* [Data provided]:
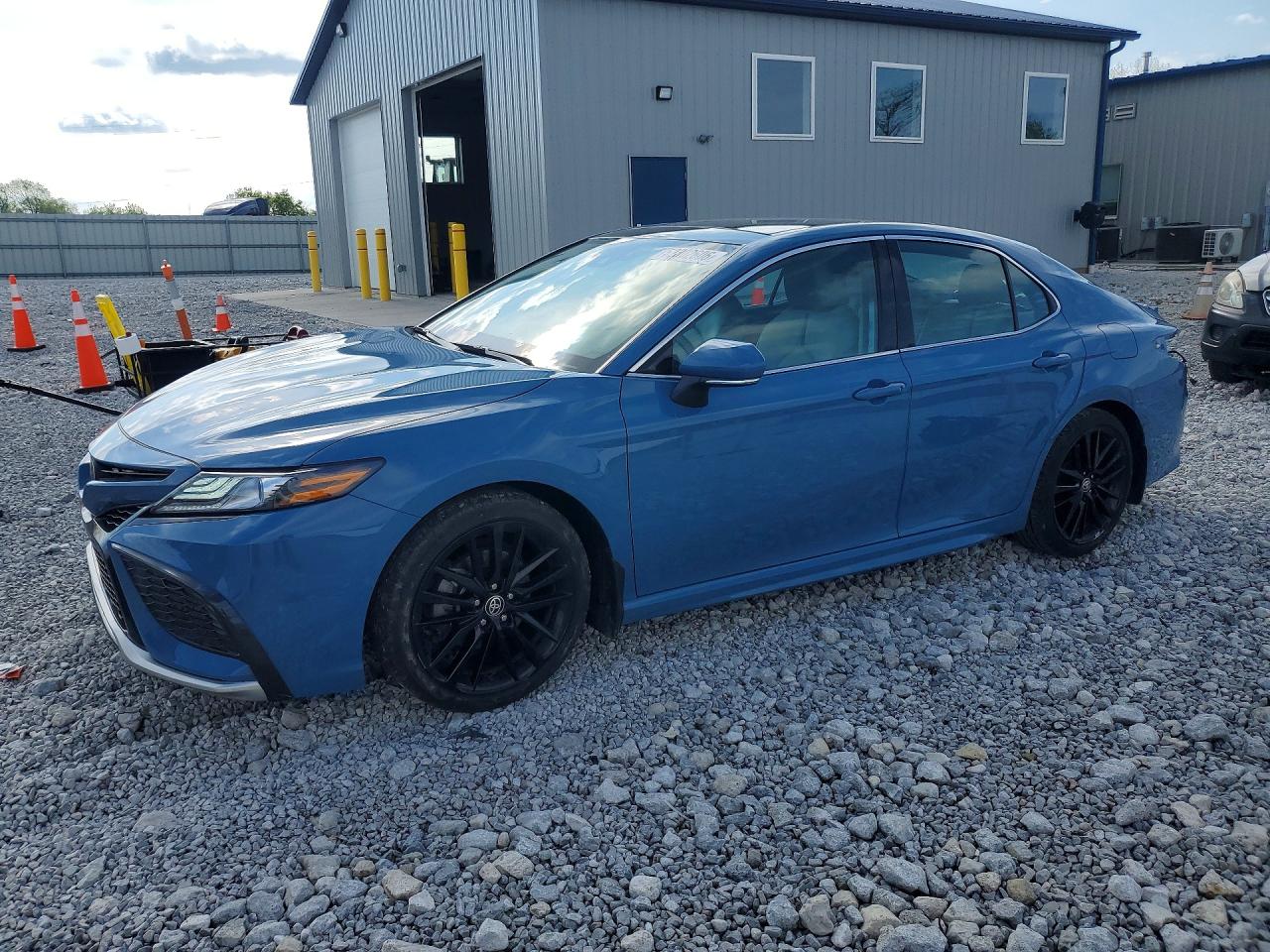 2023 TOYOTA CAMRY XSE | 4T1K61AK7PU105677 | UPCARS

* * *

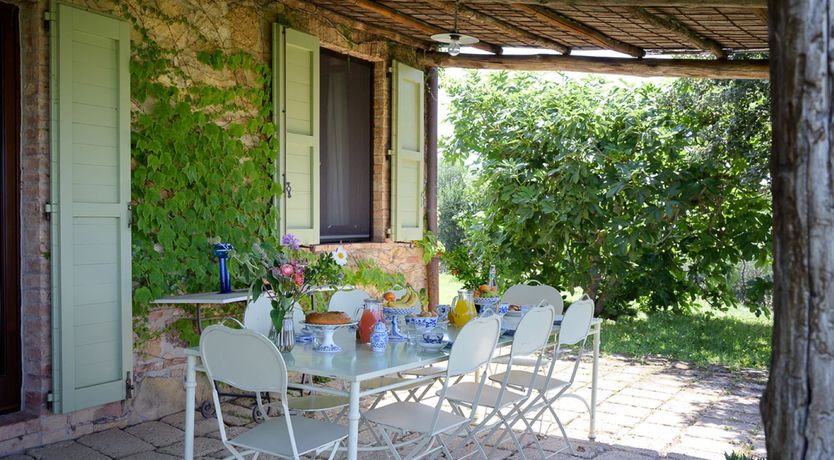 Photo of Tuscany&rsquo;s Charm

* * *

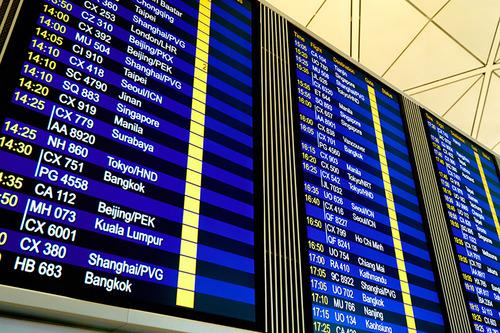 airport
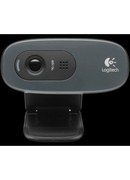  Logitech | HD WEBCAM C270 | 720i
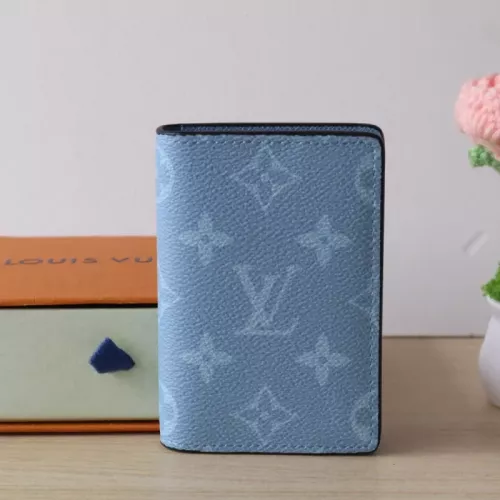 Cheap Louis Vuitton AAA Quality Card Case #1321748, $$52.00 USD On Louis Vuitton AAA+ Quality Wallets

* [What this task involves]: Please repeat, exactly as written, the lines in the records above, starting with the one that has "Logitech | HD WEBCAM C270 | 720i" and going on through the one that has "Cheap Louis Vuitton". Pictures are to be left out.

* [Exercise solution]:
  Logitech | HD WEBCAM C270 | 720i
 Cheap Louis Vuitton AAA Quality Card Case #1321748, $$52.00 USD On Louis Vuitton AAA+ Quality Wallets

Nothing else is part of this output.